These things almost seem like the WMD of the future, the ability to wipe out all life within almost half a galaxy with a single explosion due to the concentration of gamma rays... kindof makes any nuke look insignificant...

Oh no, I just mentioned a weapons application... so if we suddenly see lots of funding of this research by the bush administration... we know why!

Re:...is anyone else reminded of TNG? (1)

thrawn_aj (1073100) | more than 7 years ago | (#18403887)

These things almost seem like the WMD of the future, the ability to wipe out all life within almost half a galaxy with a single explosion due to the concentration of gamma rays... kindof makes any nuke look insignificant...
Yes. Also extremely stupid unless you can deliver it from more than "half a galaxy" away :P.

Oh no, I just mentioned a weapons application... so if we suddenly see lots of funding of this research by the bush administration... we know why!
Getting old and tired there. Never attribute to conspiracy what may be explained by mere incompetence :P.

Re:...is anyone else reminded of TNG? (4, Interesting)

inviolet (797804) | more than 7 years ago | (#18404177)

Yes. Also extremely stupid unless you can deliver it from more than "half a galaxy" away :P.

GRBs are thought to emanate only from the poles of a supernova. So no, a GRB can indeed be 'aimed'.

I've often wondered if GRBs aren't simply the result of some technological civilization stumbling onto a new law of physics, and wiping themselves out in the process. It would certainly explain the absence of any voices in a galaxy that -- by now -- ought to be teeming with life.

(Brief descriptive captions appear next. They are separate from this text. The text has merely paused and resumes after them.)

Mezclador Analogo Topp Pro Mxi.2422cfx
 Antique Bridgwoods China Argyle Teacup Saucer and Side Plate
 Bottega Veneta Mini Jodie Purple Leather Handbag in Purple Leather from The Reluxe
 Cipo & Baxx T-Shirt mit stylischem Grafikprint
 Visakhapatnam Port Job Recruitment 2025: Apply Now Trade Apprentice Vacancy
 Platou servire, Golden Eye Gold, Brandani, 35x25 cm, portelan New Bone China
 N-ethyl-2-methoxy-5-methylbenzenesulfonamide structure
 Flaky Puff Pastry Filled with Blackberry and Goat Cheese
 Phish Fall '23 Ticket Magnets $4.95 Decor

Re:...is anyone else reminded of TNG? (1)

owlstead (636356) | more than 7 years ago | (#18405165)

"There is a theory which states that if ever anyone discovers exactly what the Universe is for and why it is here, it will instantly disappear and be replaced by something even more bizarre and inexplicable. There is another which states that this has already happened."

Maybe we are indeed seeing the outcome of this happening, just on a smaller scale. These guys are probably doing something incredously stupid, like playing with a very large ray canon or starting a large nuclear fusion reactor. Well, I say they got it coming to them. Nosy bastards.

Re:...is anyone else reminded of TNG? (1)

vonhammer (992352) | more than 7 years ago | (#18405693)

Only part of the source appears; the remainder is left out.